DATA BELOW:
● ● ●

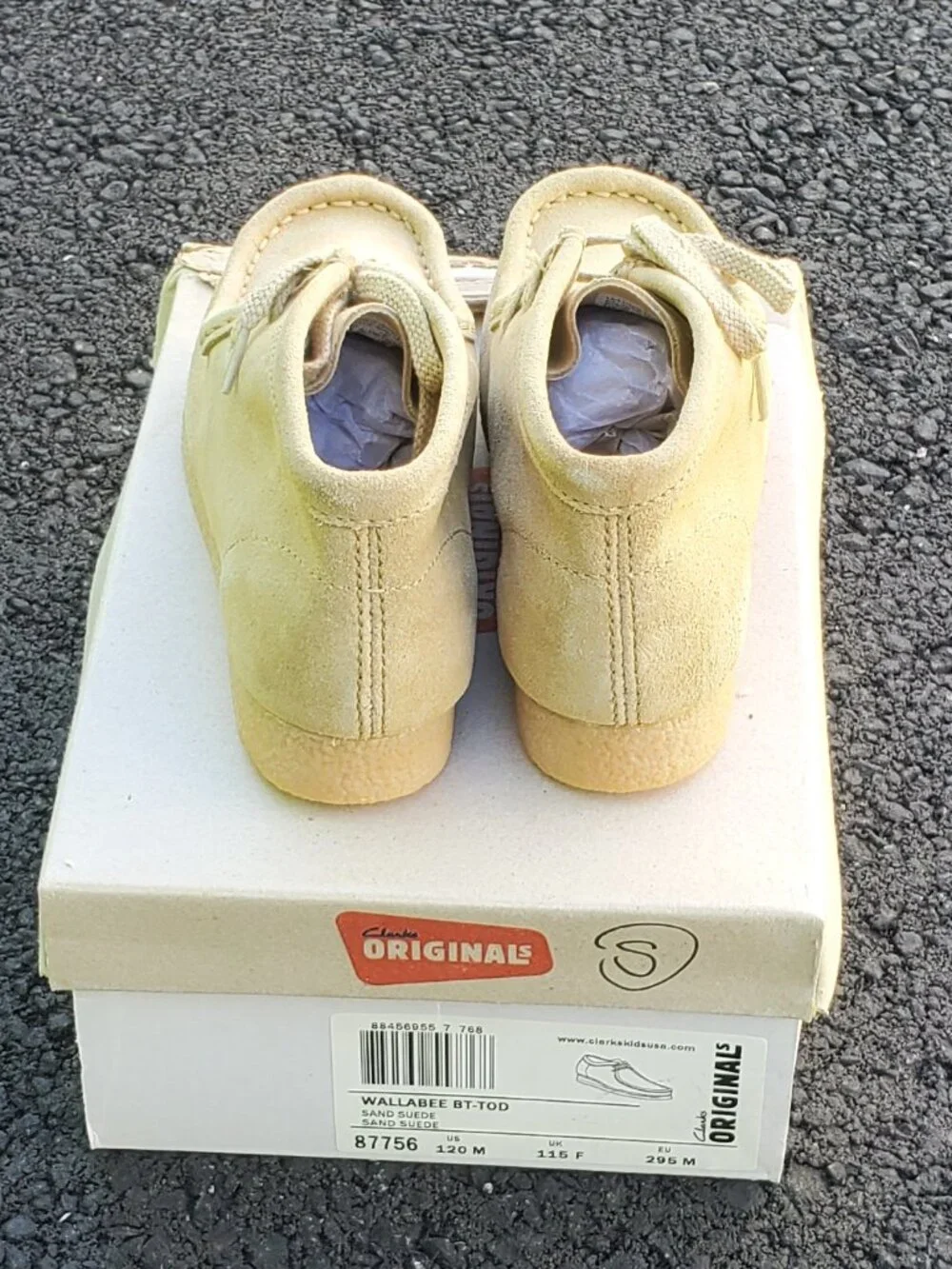 CLARKS Wallabee Boot Kid Size US/UK sand suede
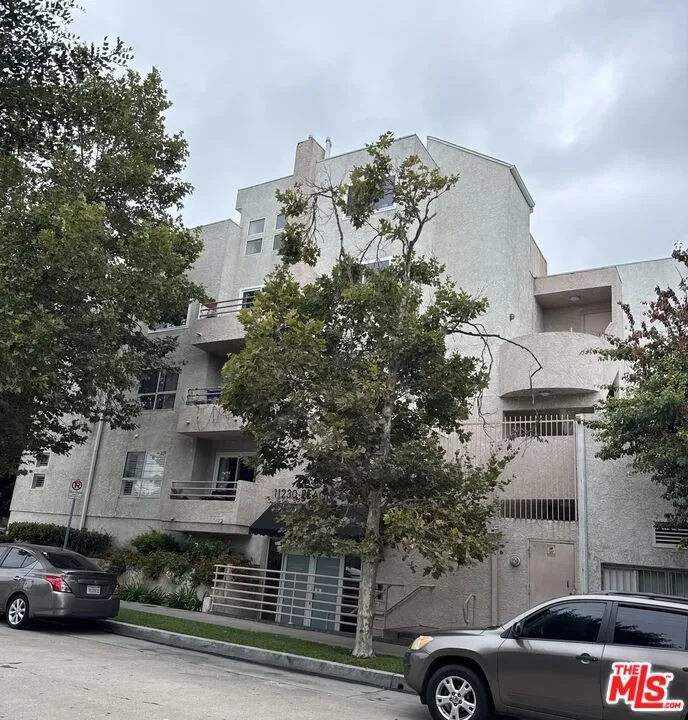 11230 Peach Grove Street #208 Los Angeles, CA 91601
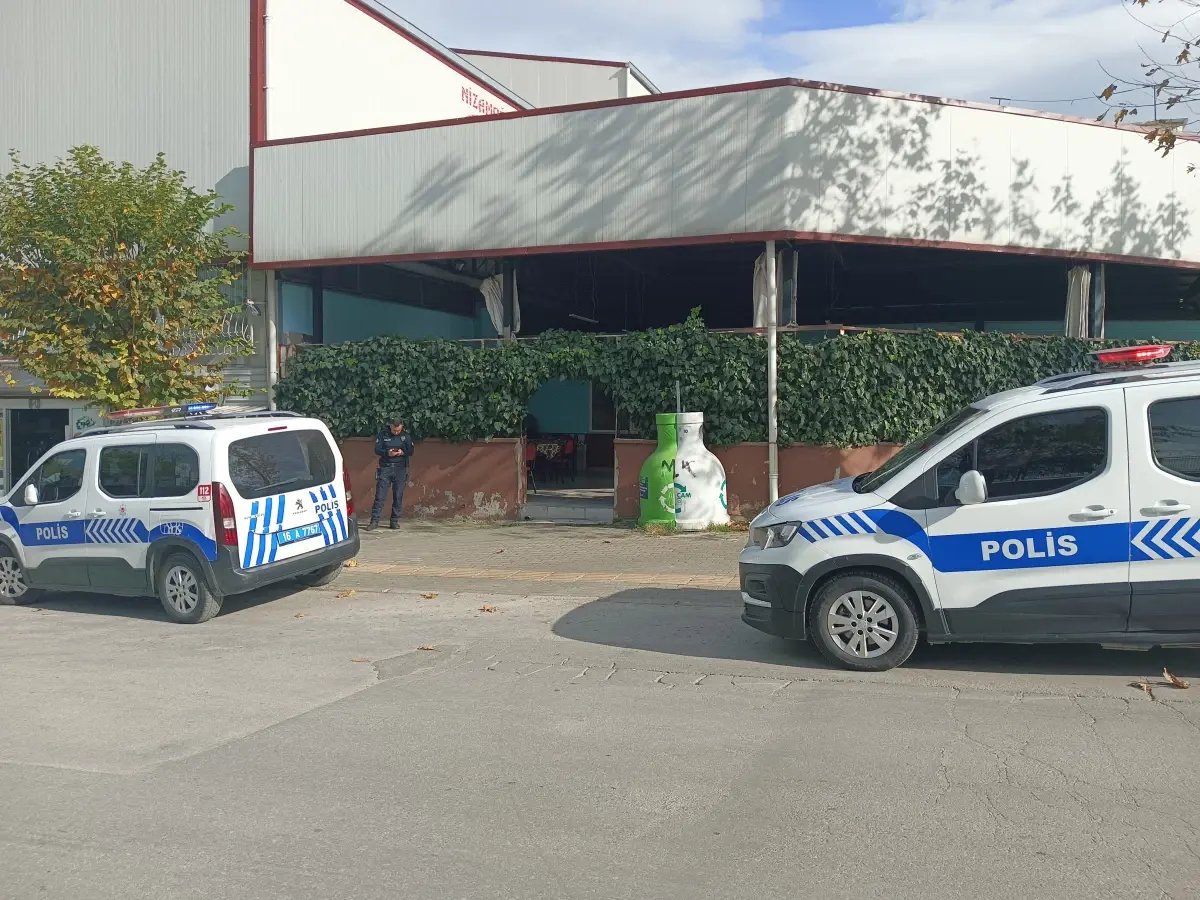 Bursa'da Kahvehanede Kanlı Kavga: Eski Kayınpeder ve Kayınbiraderi Tarafından Darbedildi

● ● ●

YOUR TASK: When you copy the lines above, drop the pictures and keep everything else exact.

FINISHED TASK:
 CLARKS Wallabee Boot Kid Size US/UK sand suede
 11230 Peach Grove Street #208 Los Angeles, CA 91601
 Bursa'da Kahvehanede Kanlı Kavga: Eski Kayınpeder ve Kayınbiraderi Tarafından Darbedildi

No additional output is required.